I quesiti ignorano i cambiamenti demografici
“I quesiti sembrano ignorare completamente i cambiamenti che il calo demografico comporta per il nostro mercato del lavoro. Non siamo più un paese in cui mancano lavori. Ma un paese in cui mancano lavoratori a tutti i livelli. Le imprese infatti faticano sempre di più a trovare lavoratori e quelli che assumono tendono a tenerli. Non a caso, negli ultimi anni – spiega il compagno Boeri – le conversioni di contratti a tempo determinato in contratti a tempo indeterminato sono aumentate. Mentre “la quota di contratti a tempo determinato è scesa dal 17% al 13% negli ultimi tre anni”.
Colpa dei sindacati che fanno politica e mancano nelle aziende
Ma non basta. Anche i licenziamenti sono diminuiti.
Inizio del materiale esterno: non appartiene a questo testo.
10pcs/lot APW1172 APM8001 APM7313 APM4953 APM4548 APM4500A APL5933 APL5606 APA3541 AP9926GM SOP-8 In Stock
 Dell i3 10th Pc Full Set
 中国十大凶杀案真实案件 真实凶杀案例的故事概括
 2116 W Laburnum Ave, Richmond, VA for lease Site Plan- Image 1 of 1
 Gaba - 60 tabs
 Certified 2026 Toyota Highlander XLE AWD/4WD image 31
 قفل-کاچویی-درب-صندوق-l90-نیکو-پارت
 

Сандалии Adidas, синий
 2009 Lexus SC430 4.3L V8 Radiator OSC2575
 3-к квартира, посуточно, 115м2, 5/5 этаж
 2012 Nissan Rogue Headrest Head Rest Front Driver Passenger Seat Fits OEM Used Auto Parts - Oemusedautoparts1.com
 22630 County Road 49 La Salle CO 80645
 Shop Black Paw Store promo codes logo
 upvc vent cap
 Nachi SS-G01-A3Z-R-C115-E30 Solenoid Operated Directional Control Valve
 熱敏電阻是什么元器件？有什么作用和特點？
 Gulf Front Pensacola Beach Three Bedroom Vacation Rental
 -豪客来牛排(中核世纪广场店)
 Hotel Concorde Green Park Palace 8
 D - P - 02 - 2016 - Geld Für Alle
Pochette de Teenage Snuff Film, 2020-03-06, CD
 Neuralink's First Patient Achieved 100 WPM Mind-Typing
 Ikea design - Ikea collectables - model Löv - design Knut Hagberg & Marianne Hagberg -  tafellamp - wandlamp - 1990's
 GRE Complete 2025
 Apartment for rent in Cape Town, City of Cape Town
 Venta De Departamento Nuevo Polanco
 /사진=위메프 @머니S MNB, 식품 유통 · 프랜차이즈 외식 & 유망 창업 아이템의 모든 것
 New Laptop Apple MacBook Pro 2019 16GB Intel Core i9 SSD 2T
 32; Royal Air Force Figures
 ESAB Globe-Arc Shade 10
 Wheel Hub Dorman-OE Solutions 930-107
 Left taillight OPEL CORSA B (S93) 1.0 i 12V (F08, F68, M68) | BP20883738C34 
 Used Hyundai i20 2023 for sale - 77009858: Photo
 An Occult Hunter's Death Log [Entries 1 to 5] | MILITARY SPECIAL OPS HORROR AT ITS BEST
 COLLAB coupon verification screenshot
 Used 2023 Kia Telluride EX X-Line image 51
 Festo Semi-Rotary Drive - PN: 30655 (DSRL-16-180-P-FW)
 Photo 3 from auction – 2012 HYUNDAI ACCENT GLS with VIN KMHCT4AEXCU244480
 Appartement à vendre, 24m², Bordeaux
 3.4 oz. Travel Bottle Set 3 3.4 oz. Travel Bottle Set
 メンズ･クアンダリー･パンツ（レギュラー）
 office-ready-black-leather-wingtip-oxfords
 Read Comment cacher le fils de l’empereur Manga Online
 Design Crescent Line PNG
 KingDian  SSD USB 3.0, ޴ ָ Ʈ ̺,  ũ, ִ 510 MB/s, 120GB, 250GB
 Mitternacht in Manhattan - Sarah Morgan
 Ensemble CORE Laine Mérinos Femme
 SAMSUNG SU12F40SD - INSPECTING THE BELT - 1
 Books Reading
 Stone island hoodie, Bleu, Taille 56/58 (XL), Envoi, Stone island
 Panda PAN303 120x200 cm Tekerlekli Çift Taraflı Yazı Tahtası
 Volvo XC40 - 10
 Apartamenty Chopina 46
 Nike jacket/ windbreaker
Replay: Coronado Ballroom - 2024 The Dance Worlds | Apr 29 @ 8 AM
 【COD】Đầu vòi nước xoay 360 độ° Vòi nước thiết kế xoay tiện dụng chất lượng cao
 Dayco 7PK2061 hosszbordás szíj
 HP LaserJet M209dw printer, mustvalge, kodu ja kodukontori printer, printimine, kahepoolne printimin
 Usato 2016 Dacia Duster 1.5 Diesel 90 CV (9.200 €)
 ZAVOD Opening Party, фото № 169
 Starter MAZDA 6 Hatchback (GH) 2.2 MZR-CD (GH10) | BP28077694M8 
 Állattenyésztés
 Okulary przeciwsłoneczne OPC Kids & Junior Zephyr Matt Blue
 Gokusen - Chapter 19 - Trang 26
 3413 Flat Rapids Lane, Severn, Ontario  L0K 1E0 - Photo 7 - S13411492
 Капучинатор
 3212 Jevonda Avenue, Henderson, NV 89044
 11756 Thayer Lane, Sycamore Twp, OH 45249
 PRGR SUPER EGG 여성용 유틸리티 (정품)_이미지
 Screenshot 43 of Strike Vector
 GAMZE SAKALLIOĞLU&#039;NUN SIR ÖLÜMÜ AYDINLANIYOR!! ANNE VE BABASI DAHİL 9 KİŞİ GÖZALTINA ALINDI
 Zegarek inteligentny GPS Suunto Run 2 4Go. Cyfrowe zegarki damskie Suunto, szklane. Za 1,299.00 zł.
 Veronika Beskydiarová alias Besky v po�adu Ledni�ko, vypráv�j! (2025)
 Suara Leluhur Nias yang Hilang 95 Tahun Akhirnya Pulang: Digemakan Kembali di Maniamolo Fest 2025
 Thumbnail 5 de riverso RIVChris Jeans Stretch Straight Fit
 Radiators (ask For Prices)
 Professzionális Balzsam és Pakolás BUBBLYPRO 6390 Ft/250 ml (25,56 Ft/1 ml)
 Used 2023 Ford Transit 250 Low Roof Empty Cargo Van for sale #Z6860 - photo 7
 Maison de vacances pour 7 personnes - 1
Certo, rimane il problema di salari, che negli ultimi quattro anni hanno perso quasi il 10% del potere d’acquisto ma questo – aggiunge – non ha nulla a che fare con il precariato, ma – udite udite – con il sindacato. “I lavoratori potrebbero farsi pagare di più se avessero un sindacato capace di imporre ai datori retribuzioni più in linea con il valore di ciò che producono. Questo significa che per garantire salari più alti bisogna rafforzare la presenza del sindacato nelle aziende (più che nelle sedi della politica) e favorire la mobilità dei lavoratori, esattamente l’opposto di ciò che i proponenti dei referendum vorrebbero fare”. Il povero Landini, che ancora sogna il raggiungimento del quorum, è servito. Al Nazareno, intanto, continua la guerra di tutti contro tutti. Con la segretaria Elly Schlein sedotta sulla via della Cgil e mezzo partito pronto all’astensione. Per riformisti dem, molti ex renziani, il Jobs Act non si tocca.